_YOUR OBJECTIVE_.
The answer is every line in the data below that contains the word "Chapter".

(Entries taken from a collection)
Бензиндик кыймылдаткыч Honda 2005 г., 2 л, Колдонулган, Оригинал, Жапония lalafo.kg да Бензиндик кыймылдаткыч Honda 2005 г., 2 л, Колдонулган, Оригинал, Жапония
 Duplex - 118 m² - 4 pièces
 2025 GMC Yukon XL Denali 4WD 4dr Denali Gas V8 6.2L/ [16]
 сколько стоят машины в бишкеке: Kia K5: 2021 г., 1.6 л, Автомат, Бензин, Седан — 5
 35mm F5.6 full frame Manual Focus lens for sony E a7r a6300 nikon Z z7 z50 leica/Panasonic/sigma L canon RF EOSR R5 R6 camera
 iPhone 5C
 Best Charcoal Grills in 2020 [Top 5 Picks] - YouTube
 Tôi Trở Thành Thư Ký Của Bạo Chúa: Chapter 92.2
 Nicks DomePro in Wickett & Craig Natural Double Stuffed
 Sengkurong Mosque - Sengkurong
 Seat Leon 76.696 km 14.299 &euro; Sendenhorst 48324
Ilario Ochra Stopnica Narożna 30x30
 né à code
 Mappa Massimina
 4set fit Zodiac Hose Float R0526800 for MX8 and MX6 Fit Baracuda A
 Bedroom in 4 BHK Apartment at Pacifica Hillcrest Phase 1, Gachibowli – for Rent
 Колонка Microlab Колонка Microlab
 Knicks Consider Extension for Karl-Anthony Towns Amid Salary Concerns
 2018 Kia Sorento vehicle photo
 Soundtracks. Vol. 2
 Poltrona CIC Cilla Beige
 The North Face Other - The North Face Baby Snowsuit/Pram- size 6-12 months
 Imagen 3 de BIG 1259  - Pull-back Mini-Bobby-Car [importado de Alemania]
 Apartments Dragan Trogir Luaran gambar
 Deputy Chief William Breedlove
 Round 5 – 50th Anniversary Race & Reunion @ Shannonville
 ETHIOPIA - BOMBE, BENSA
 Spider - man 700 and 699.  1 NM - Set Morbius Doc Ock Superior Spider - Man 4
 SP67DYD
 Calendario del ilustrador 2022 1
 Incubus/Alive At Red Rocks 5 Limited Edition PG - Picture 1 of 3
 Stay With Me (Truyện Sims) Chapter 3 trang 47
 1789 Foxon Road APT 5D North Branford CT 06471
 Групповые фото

_SOLUTION TO THIS PROBLEM_.
 Tôi Trở Thành Thư Ký Của Bạo Chúa: Chapter 92.2
 Stay With Me (Truyện Sims) Chapter 3 trang 47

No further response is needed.